Available data »
§ §

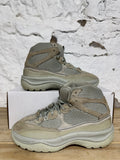 Yeezy Boot Salt Sz 7.5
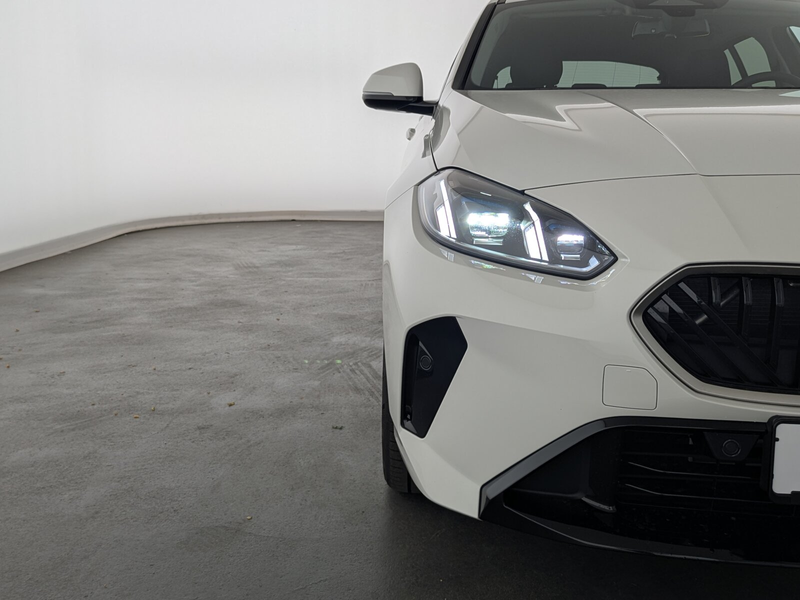 BMW 120 120i LED+NAVI+SHZ+RFK+TEMP+ — photo 3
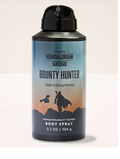 BOUNTY HUNTER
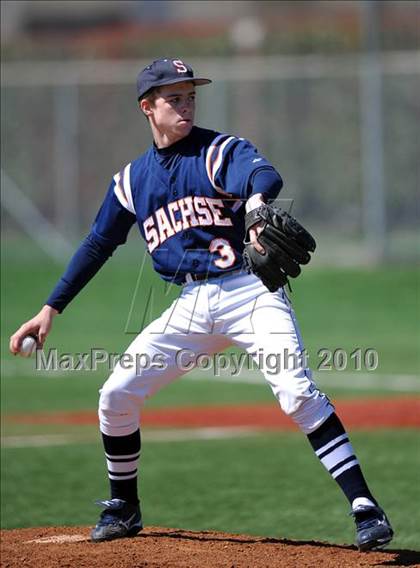 Thumbnail 3 in Sachse vs. Klein Oak (Scotland Yard Classic) photogallery.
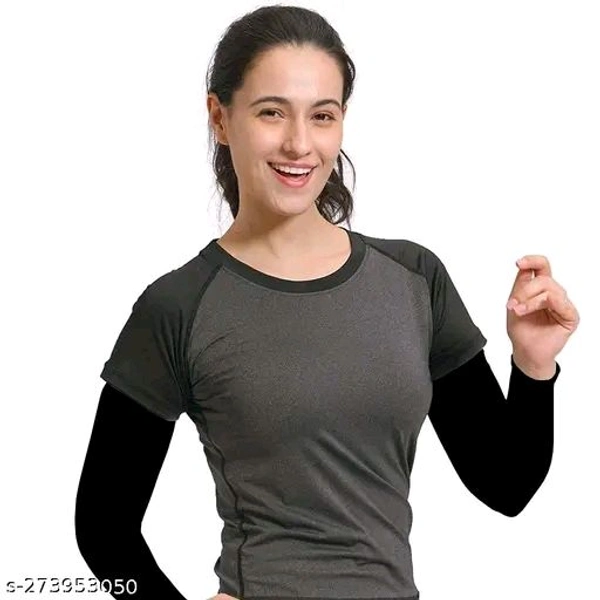 Beautiful Exercise Gloves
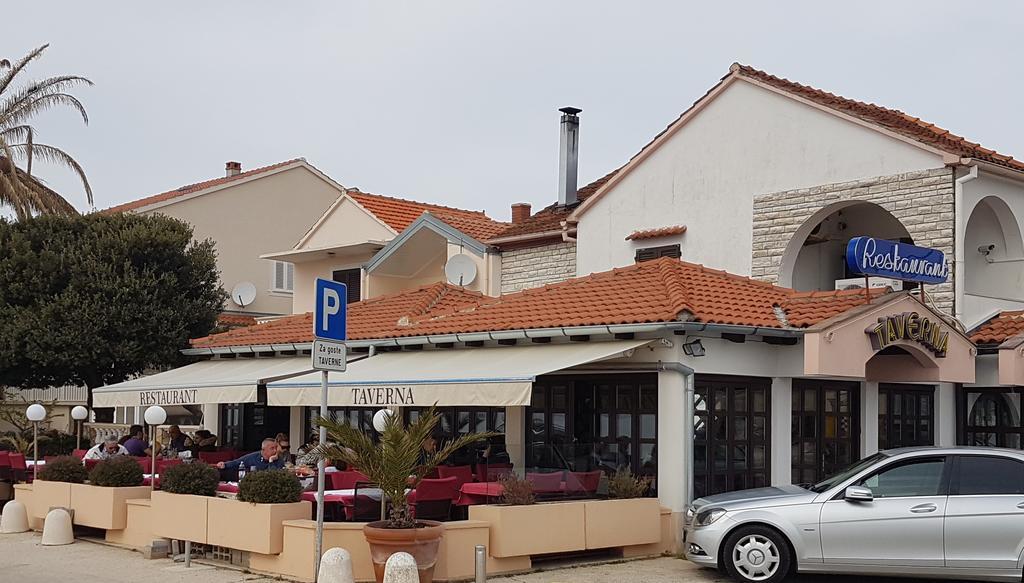 Apartment Caprice Zadar Exterior photo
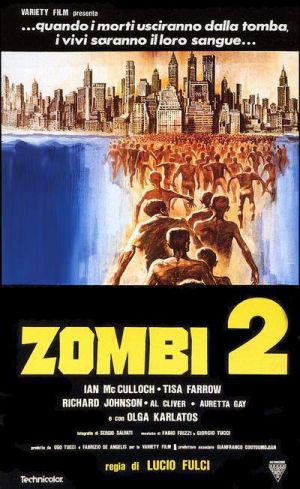Zombi 2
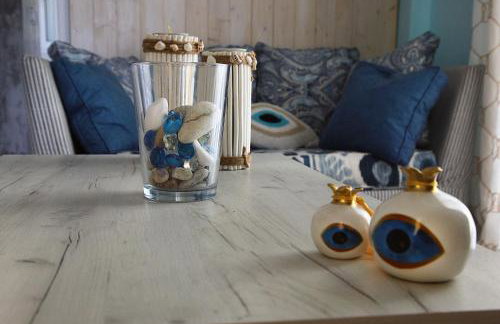 Ammos Lux Apartments - Foto 78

§ §

Print the whole listing above exactly, and keep every picture out of the copy.

 Yeezy Boot Salt Sz 7.5
 BMW 120 120i LED+NAVI+SHZ+RFK+TEMP+ — photo 3
 BOUNTY HUNTER
 Thumbnail 3 in Sachse vs. Klein Oak (Scotland Yard Classic) photogallery.
 Beautiful Exercise Gloves
 Apartment Caprice Zadar Exterior photo
Zombi 2
 Ammos Lux Apartments - Foto 78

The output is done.